Dataset records below:

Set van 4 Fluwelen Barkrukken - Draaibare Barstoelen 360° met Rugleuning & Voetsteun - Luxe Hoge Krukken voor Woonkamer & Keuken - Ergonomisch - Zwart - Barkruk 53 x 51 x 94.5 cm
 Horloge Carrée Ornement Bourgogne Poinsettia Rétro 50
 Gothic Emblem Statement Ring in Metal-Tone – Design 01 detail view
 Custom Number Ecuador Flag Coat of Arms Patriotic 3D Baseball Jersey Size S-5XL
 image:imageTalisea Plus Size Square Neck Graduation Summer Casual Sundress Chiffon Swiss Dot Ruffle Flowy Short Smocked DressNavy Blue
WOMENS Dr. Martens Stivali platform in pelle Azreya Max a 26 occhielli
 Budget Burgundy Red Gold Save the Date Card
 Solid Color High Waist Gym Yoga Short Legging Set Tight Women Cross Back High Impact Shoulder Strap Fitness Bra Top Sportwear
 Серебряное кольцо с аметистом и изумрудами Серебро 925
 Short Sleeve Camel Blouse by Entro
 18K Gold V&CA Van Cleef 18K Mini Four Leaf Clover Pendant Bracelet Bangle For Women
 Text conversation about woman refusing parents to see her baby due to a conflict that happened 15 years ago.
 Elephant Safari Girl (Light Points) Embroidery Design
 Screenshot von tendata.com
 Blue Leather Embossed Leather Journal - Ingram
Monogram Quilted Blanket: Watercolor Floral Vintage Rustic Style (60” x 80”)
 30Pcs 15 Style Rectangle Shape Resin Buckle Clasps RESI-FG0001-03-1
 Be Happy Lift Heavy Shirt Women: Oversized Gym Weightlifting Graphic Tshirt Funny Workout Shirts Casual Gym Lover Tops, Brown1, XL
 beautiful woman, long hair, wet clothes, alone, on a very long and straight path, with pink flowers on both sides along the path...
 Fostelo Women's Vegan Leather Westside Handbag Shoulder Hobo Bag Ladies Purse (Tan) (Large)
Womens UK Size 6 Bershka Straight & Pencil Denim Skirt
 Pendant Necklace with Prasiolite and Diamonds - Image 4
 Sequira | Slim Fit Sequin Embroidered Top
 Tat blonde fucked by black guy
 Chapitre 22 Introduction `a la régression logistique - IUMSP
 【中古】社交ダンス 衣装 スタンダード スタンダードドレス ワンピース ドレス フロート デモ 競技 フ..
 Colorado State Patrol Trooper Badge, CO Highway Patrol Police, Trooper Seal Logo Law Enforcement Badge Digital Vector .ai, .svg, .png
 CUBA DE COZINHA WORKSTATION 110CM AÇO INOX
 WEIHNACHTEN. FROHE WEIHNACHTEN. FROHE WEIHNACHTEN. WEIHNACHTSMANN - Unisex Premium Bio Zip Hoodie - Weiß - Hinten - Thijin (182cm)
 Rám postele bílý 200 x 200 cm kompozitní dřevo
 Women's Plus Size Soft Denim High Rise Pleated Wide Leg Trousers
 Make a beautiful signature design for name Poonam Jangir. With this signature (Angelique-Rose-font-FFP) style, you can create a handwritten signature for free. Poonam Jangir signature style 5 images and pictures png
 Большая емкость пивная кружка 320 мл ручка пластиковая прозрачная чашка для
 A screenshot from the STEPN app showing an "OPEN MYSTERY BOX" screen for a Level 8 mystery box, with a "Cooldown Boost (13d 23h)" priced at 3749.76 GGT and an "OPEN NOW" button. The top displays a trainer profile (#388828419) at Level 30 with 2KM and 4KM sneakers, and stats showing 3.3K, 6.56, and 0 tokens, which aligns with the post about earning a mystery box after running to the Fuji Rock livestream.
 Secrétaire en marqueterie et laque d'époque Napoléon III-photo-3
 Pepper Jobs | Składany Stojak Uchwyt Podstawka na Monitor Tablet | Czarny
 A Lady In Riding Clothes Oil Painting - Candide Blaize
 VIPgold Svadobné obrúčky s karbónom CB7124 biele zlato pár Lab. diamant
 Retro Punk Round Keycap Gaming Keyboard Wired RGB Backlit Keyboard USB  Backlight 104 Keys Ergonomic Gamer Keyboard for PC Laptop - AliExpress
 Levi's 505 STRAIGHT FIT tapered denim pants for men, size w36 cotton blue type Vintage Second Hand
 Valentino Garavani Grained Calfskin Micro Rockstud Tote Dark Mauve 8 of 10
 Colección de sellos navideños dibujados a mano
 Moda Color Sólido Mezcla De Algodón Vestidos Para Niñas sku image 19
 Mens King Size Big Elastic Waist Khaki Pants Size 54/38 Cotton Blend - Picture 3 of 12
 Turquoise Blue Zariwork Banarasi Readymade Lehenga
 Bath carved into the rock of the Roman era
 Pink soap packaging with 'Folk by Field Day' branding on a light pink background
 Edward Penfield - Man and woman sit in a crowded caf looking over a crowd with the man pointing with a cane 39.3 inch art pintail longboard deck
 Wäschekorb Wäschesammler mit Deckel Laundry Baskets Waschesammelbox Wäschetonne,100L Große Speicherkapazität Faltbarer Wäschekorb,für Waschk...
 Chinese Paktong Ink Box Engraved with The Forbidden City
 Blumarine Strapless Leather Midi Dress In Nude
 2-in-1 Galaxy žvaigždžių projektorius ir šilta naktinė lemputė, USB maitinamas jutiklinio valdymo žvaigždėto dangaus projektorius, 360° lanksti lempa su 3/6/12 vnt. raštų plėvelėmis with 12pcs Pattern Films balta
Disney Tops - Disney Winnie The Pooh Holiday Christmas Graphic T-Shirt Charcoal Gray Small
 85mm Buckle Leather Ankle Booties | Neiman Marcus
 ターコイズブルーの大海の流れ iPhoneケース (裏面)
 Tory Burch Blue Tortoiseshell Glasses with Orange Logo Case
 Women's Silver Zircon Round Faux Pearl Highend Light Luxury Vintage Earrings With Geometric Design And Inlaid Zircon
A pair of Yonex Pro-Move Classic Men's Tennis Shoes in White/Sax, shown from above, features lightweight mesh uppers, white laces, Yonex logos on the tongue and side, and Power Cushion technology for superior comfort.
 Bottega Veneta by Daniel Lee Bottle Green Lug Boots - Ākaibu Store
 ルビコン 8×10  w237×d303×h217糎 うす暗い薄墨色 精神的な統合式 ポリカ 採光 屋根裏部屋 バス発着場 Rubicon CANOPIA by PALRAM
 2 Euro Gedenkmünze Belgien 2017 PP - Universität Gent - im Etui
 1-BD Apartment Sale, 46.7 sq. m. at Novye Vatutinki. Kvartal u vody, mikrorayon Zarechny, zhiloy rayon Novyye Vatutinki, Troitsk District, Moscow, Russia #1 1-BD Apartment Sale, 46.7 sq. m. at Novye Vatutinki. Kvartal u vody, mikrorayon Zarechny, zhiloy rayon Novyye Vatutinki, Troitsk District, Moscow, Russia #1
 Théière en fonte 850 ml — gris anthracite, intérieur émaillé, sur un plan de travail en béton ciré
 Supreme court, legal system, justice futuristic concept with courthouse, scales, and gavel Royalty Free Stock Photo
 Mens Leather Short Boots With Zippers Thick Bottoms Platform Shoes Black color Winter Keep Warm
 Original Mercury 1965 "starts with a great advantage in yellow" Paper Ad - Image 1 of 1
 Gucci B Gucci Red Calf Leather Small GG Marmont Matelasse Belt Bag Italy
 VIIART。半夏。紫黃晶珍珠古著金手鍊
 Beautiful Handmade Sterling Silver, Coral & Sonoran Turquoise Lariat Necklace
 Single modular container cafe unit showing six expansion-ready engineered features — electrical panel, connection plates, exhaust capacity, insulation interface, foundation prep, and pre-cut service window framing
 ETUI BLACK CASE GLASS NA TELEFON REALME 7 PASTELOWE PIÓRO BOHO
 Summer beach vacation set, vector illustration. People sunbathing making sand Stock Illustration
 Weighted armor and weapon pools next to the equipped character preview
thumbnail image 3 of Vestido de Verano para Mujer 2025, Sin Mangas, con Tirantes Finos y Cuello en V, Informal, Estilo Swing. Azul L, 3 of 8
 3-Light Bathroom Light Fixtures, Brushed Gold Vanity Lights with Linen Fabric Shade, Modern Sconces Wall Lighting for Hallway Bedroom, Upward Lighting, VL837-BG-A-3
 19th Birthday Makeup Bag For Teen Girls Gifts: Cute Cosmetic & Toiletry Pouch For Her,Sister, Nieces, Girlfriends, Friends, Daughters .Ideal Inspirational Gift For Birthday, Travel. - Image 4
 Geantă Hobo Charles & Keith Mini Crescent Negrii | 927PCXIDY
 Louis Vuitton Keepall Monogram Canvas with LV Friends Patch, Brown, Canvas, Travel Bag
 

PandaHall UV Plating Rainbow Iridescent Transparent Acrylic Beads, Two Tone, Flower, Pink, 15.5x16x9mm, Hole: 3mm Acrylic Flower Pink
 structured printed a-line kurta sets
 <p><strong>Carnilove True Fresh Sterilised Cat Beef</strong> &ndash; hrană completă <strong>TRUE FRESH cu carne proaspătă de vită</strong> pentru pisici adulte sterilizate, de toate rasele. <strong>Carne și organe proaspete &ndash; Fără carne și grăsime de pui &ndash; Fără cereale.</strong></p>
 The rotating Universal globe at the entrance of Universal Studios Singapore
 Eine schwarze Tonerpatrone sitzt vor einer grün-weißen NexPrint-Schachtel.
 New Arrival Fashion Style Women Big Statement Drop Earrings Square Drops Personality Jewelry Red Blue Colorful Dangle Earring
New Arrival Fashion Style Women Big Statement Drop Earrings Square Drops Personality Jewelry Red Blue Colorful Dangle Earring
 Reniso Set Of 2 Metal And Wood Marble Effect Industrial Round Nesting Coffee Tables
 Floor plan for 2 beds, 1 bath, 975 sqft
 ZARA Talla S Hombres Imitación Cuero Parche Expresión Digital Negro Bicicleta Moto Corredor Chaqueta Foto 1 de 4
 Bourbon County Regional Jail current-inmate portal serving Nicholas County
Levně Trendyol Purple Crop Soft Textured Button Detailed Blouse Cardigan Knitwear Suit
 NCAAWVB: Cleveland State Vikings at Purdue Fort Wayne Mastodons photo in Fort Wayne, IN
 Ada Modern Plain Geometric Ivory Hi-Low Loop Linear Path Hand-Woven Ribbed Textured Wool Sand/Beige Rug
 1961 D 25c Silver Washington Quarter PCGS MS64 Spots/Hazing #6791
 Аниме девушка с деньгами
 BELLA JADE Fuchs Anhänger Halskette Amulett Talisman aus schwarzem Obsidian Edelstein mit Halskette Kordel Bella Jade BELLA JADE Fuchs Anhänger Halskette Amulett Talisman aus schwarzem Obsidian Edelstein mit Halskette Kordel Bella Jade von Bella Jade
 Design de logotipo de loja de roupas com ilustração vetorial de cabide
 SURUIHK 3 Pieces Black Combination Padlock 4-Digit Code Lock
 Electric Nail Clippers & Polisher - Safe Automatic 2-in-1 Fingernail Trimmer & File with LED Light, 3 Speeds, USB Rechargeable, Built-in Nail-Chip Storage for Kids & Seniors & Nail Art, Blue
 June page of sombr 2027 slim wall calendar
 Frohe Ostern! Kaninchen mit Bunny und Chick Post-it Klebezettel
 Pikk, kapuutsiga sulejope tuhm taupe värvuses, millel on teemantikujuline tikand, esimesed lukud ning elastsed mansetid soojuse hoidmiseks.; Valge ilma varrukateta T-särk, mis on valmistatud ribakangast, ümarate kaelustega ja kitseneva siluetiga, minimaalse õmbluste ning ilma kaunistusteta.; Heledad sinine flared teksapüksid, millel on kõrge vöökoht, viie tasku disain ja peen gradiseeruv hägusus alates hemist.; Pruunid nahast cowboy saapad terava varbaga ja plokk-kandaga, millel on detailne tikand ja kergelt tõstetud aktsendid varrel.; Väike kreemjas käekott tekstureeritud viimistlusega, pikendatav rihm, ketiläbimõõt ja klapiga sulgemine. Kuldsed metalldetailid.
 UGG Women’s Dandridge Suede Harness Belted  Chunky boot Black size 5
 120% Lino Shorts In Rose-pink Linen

End of Dataset records.

**Aim of the task:** The line above containing "Supreme court, legal", the line containing "VIIART。半夏。紫黃晶珍珠古著金手鍊", and every line between them are to be transcribed exactly; no other line is wanted.

**Answer to this exercise:**
 Supreme court, legal system, justice futuristic concept with courthouse, scales, and gavel Royalty Free Stock Photo
 Mens Leather Short Boots With Zippers Thick Bottoms Platform Shoes Black color Winter Keep Warm
 Original Mercury 1965 "starts with a great advantage in yellow" Paper Ad - Image 1 of 1
 Gucci B Gucci Red Calf Leather Small GG Marmont Matelasse Belt Bag Italy
 VIIART。半夏。紫黃晶珍珠古著金手鍊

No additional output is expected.